• _Assignment_:
Filter the entries down to the lines containing "Pants", and copy those lines.

Excerpts from a dataset:
= = = = =
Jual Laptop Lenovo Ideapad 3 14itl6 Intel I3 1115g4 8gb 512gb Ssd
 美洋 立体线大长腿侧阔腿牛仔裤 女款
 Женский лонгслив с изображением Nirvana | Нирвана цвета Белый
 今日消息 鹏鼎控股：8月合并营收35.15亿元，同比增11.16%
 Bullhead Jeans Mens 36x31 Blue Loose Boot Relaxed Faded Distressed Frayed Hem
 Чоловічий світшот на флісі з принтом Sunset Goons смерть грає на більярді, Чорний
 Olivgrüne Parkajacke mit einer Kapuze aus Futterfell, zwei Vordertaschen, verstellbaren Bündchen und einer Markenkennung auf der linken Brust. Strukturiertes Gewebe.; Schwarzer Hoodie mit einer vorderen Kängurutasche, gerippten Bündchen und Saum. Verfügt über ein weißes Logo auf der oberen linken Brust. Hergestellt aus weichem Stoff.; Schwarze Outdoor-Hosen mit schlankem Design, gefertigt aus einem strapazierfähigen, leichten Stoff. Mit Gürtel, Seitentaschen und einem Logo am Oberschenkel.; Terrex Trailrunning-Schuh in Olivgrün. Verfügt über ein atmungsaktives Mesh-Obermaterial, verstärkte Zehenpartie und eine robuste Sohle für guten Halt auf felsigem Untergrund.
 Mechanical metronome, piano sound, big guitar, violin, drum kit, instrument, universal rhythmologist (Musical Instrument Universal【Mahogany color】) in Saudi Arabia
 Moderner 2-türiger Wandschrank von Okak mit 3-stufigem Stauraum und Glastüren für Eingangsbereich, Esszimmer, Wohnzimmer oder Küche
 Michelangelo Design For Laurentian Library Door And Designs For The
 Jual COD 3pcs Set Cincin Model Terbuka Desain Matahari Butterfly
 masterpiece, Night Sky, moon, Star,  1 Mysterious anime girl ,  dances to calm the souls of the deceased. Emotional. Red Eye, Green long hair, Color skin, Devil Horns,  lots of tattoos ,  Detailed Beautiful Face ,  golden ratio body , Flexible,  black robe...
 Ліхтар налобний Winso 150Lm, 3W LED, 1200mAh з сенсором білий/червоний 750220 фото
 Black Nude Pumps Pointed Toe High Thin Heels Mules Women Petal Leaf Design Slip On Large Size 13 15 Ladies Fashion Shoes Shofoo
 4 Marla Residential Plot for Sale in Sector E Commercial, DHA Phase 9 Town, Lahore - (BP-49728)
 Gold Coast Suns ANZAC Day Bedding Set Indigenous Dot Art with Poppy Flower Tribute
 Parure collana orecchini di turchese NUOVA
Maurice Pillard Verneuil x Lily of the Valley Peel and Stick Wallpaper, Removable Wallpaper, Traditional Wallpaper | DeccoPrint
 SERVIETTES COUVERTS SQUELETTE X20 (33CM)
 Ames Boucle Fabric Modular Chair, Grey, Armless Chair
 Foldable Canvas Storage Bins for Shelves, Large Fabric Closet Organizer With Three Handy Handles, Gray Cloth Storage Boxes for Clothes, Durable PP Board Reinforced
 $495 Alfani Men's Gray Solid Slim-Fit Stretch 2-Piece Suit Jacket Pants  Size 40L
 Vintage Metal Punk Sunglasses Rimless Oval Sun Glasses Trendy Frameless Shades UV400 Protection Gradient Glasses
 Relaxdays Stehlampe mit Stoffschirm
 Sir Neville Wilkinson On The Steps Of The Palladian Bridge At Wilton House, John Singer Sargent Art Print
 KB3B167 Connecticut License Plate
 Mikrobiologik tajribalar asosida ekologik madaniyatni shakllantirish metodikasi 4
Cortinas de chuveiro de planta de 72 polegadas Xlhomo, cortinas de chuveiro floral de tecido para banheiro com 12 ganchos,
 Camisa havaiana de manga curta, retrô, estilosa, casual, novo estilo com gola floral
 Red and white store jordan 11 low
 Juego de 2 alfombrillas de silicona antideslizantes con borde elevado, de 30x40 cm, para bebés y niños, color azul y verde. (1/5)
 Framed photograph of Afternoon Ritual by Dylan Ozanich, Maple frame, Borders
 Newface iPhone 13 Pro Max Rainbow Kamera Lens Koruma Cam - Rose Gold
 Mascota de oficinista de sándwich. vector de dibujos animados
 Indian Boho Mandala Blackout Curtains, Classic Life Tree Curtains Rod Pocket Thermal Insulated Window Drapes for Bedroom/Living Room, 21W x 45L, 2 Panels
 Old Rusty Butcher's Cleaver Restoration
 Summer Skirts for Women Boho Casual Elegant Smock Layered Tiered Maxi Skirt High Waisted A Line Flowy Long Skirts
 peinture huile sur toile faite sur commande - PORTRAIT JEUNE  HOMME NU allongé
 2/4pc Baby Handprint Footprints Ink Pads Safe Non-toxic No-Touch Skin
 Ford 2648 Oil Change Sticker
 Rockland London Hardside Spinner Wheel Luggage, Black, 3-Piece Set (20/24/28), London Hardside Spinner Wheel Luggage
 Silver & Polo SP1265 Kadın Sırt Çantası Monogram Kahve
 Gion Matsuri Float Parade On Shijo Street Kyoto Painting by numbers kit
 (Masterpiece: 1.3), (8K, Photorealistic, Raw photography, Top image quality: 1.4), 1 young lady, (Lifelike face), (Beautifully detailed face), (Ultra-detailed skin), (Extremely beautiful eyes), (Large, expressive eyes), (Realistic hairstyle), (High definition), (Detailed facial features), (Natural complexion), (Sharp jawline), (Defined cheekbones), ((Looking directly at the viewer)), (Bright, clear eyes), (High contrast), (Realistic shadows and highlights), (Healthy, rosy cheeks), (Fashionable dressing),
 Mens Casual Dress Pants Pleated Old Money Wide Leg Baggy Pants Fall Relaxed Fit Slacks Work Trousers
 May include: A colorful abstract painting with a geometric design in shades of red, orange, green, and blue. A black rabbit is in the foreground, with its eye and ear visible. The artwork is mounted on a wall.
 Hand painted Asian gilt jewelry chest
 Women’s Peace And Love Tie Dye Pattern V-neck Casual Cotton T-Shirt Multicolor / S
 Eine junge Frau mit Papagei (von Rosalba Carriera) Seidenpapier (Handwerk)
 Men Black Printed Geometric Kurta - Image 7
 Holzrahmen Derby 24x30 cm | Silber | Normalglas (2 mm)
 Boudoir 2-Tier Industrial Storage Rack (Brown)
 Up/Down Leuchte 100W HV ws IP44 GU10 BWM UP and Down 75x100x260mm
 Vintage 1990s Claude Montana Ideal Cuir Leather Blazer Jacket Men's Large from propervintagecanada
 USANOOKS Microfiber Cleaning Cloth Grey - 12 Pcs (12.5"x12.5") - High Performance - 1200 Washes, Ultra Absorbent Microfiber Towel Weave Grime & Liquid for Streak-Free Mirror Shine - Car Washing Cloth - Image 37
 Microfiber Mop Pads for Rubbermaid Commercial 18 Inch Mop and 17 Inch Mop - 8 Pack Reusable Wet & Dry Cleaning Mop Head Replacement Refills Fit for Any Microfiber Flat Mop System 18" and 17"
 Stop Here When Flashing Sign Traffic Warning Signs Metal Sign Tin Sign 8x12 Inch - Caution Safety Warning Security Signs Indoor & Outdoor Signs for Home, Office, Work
= = = = =
• _Output below_:
 $495 Alfani Men's Gray Solid Slim-Fit Stretch 2-Piece Suit Jacket Pants  Size 40L
 Mens Casual Dress Pants Pleated Old Money Wide Leg Baggy Pants Fall Relaxed Fit Slacks Work Trousers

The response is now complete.